Rail produces its own aarch64 Linux ELF binaries. Encoder, assembler, static linker, ELF writer — all pure Rail. On the supported subset of inputs the build pipeline invokes no external as, ld, or codesign. Four hand programs (exit, fib, hello, BSS counter) run byte-equivalent to canonical as + ld output on Pi Zero 2 W.
ARM64 and x86_64 backends reach full parity (140/140 and 136/136). JIT-first REPL at 0.1 ms/line. Single-program agentic loop: Rail calls Anthropic, JIT-lowers the response, executes, returns — no shell, no Python, no subprocess. Public reproducible hard-bench: frontier LLM + 1 KB Rail spec scores 30/30 on a held-out suite.
Pure-Rail PUT of arbitrary byte bodies, including the 945 KB rail_native binary itself. Five stdlib bugs fixed: file.close shadow, DNS UDP timeout, O(N²) string_to_bytes, length == 0 O(N) traps, recv-loop keep-alive hang. End-to-end attestation now signs the binary that just compiled itself.

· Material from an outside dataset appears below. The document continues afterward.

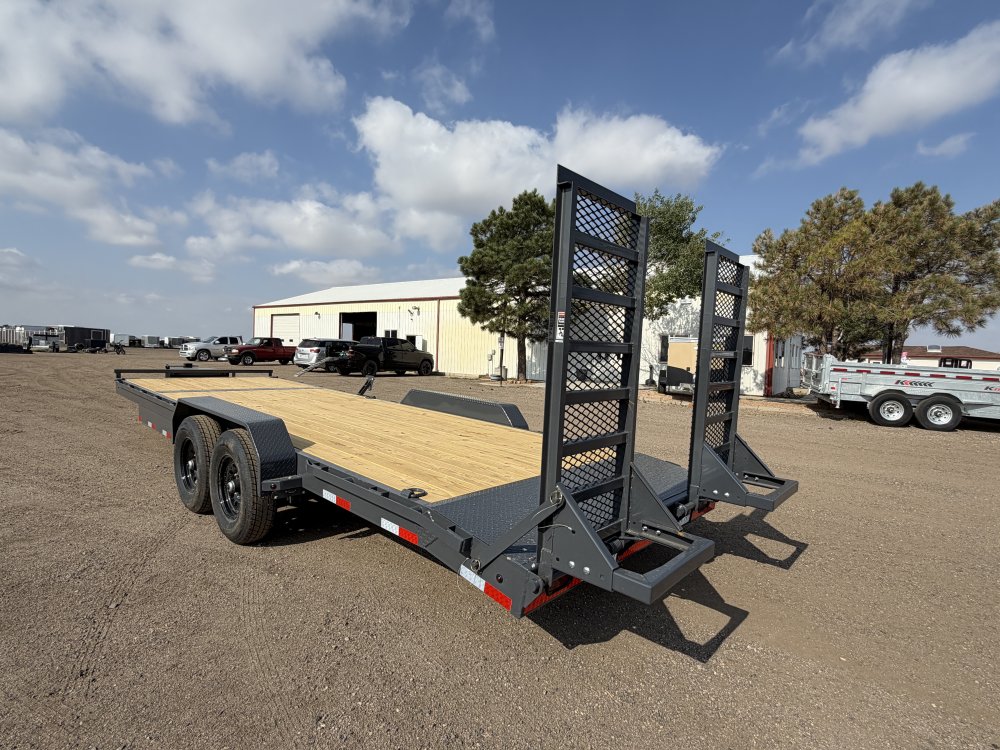 7'x24' Lamar Equipment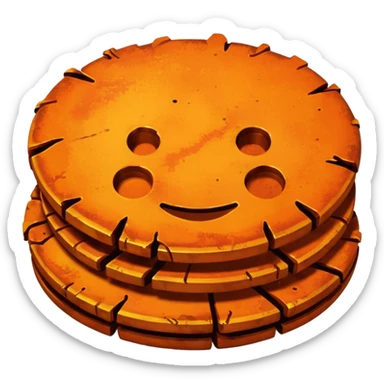 Rust sticker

The attestation pipeline is now Rail-native end-to-end including the Pi-side HTTP signer (pi_sign_server.rail, 118 KB ELF, replaces ~110 LOC Python). Linux ARM64 cross-compile gains real _atof, _snprintf %.15g, and _rail_print_float — previous stubs silently returned zero for every float literal.
The attestation pipeline that v3.8.0 introduced is now Rail-native end-to-end. sc_reduce/sc_muladd + RFC 8032 sign in pure Rail, RFC §A.4 byte-identical. Pi HTTP signer on fleet0:9102 replaces the SSH dance — release-attest 49 s → 27 s.

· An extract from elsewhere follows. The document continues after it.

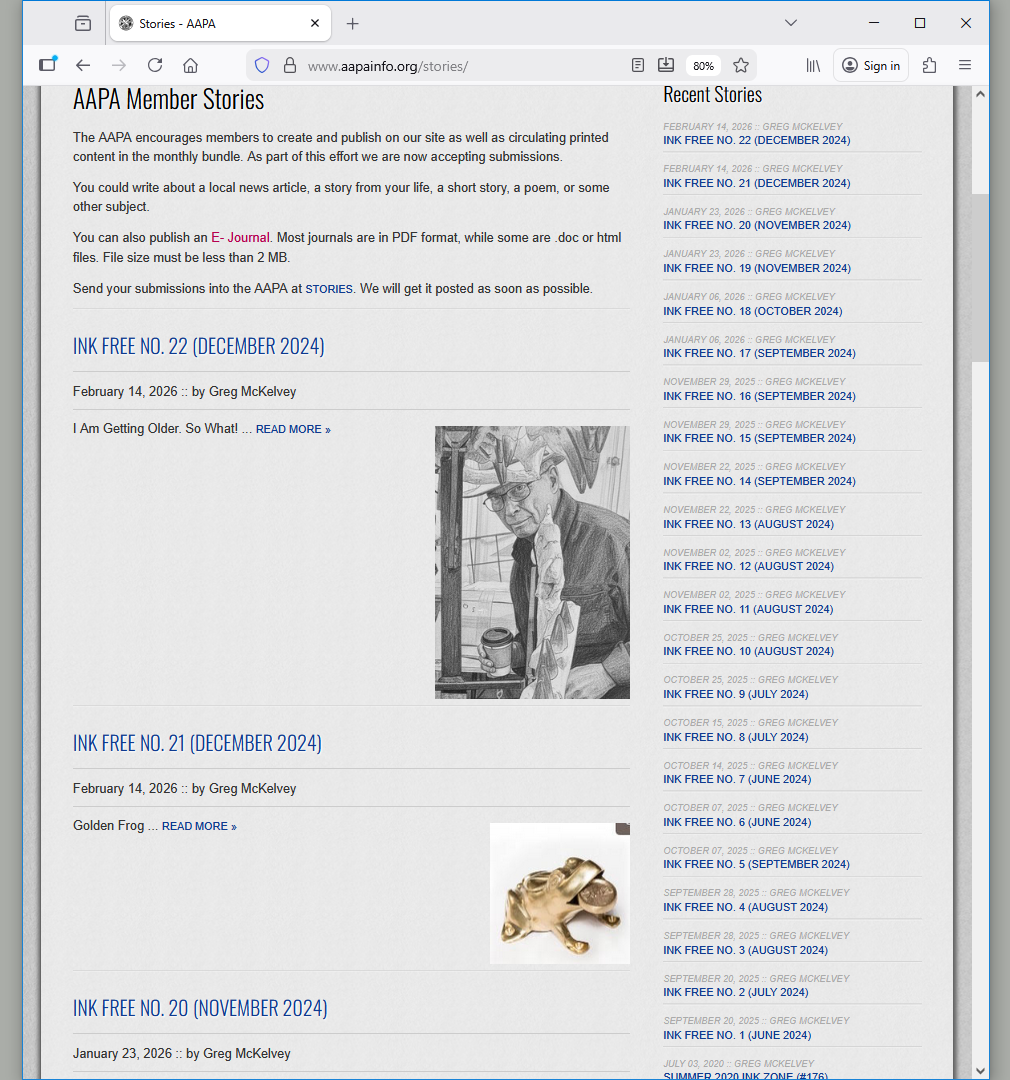 Greg McKelvey's Return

Every tagged release, every test pass, every 2-pass fixed point now signed against a live entropy beacon by the Pi-hosted fleet0 Ed25519 witness key. Mission control at /system.
17-day silent wrong-result bug fixed at root in all_params_int. Runtime-mmap arena (4 GB+ scaling). Rail-native fp32×fp16 GPU matmul. Parallel rerank (7.1× at N=8).

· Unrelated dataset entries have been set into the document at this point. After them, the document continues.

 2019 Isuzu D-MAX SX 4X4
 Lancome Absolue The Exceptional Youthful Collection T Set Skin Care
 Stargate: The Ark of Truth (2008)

Undefined idents now fail at link time with a named symbol instead of a runtime SIGSEGV. Parser accepts multi-line compound expressions inside unclosed brackets.
Chain-walk is now the default. Trust-store caching of SPKI hashes. Non-strict paths parked under _unsafe_noverify.
RFC 8032 §5.1 verifier clean against test vectors. 140/140, 2-pass byte-identical.
TCP_NODELAY + NST seq advance. ECDSA P-521 wired into cert chain + leaf verify.
compile.rail quadratic fixes. probe4 195s → 12s (16×).
Every tagged release binds sha256(rail_native) to a
live entropy beacon pulse and an Ed25519 signature from the Pi
witness. The verifier is one curl away.